Wednesday, August 10, 2011

Sophisticated Theology

Atheists are often accused of being ignorant about modern sophisticated religion. We're supposed to be stuck in the middle ages attacking a strawman version of religion that has no relevance to the beliefs of 21st century theists.

This argument has always puzzled me since I seem to have completely missed all the modern sophisticated proofs of the existence of God that these people talk about. Richard Dawkins also apparently missed them all in The God Delusion.

Last September I embarked on a voyage of discovery where I asked for a brief description of modern sophisticated theology: A Challenge to Theists and their Accommodationist Supporters. You probably won't be surprised to discover that after 552 comments nobody came up with anything that was less than 500 years old.

But, in fairness, the big names of philosophy, theology, and science didn't contribute to that discussion on Sandwalk. So here's your chance to see what modern sophisticated theology looks like in the 21st century. Only this time it's the top thinkers in philosophy and theology who are giving us the answers.

Jerry Coyne has posted brief summaries of their answers at: 20 voices of belief. I urge you to watch the video yourself—that way nobody can ever accuse you of being ignorant of the very best arguments for the existence of God.

The image from The Emperor's New Clothes is a reference to The Courtier's Reply, which remains the best description of what modern sophisticated theology is all about.


  1. I am now an atheist, but in high school, the last time I believed, my faith was of a higher intellectual quality than the feeble-minded prattle showcased from the 20 "intellectuals".

    Which I suppose makes perfect sense. You can sustain a faith in Zeus, Thor, Huitzilopochtli, whomever, only if part of your brain in permanently preserved in jelly aspic. Which would limit the intellectual machinery that can be brought to bear on the issue.

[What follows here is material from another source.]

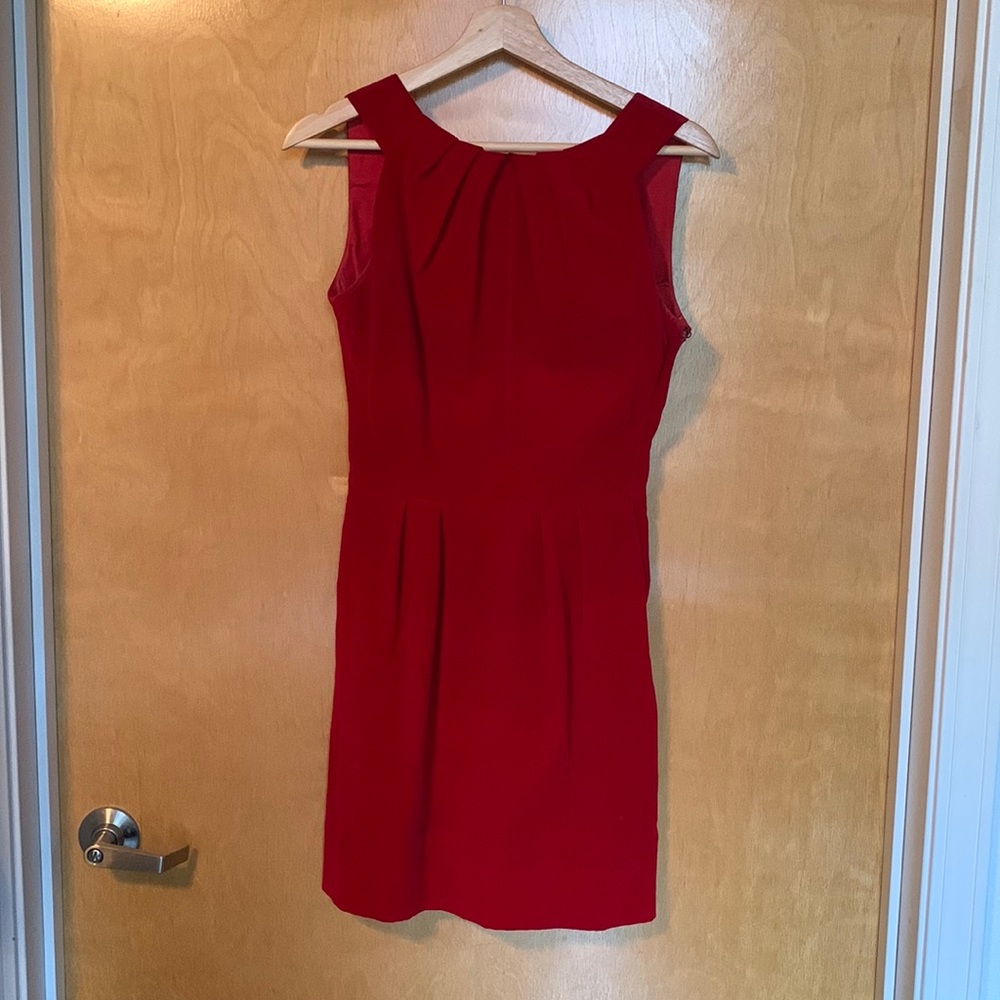 Vintage red velvet dress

  2. There might be a selection effect here. Most theists know squat about their intellectual history, and reading Barth, Bultmann, Gutiérrez, Tillich, Macquarrie, Rahner and Van Till is not something the usual folk theist does. Mind, I do not think these guys are always as sharp as their rep suggests, but they often are (Barth in particular is amazing; I and a friend used to read the Kirchliche Dogmatik together - we called it "reading in the Barth". He spoke Greek and Latin and I did the German.).

  3. "I urge you to watch the video yourself—that way nobody can ever accuse you of being ignorant of the very best arguments for the existence of God."
    Instead of being ignorant of the arguments, it'll be "not truly understanding the arguments" instead.

  4. Truly explain us then, Kel.

  5. On Wilkins' recommendation (who I respect, despite the tone of this post), I wiki'ed Barth. Here is what I found there:

    "His argument follows from the idea that God is the object of God’s own self-knowledge ... to ascribe the salvation or damnation of humanity to an abstract absolute decree is to make some part of God more final and definitive than God's saving act in Jesus Christ. God's absolute decree, if one may speak of such a thing, is God's gracious decision to be for humanity in the person of Jesus Christ ... Barth retains the notion of double predestination but makes Jesus himself the object of both divine election and reprobation simultaneously"

    It's been my experience, in every subject I've ever studied save one, that actual knowledge dispensed by knowledgeable people makes a subject clearer, not more muddled. The above quotes are typical of the one exception. It sounds like the stuff of college students trying to appear more sagely than they are after too many bong hits. If that's the best modern theology has to offer, you can keep it. The most dense treatise on quantum mechanics is more informative.

  6. that actual knowledge dispensed by knowledgeable people makes a subject clearer, not more muddled

    It has actually being the point of the cleverest theologians to make things as muddled as possible. For instance, Van Till's "best" accomplishment was the transcendental argument for "God," which is nothing but quite the muddled tricks to marrying logic and reason (and morality) to the biblical god also "solving" the problem of induction. That thing degenerated into a set of tricks for the unwary, a red herring that keeps honest people arguing about laws of logic and absolutes rather than figure out the true problems of such B.S. ... ahem ... I mean, of such "sophisticated theology."

    Anyway ...

  7. "Truly explain us then, Kel."
    What do I need to explain? Just saying, if the accusation is not ignorance in familiarity, it'll be ignorance in it's implications. You just can't win.

  8. This film doesn't contain what it proports to contain. No arguments are suggested or explored.

    I can only conclude that it wasn't put together sincerely. It's a joke. Viewers should it approach it that way.

    It contains vague references to; bogus miracles, unavoidable suffering, puzzling with limited intellect, satanic agnosticism, timelessness, Platonic forms, knowing the future, changing the past, nature poetically opening up to its own depths, a couple of darwinian primates with souls, effects without changes, cosmic doom, proving negatives, judging texts, defensive instincts, quantum consciousness, and negative theology.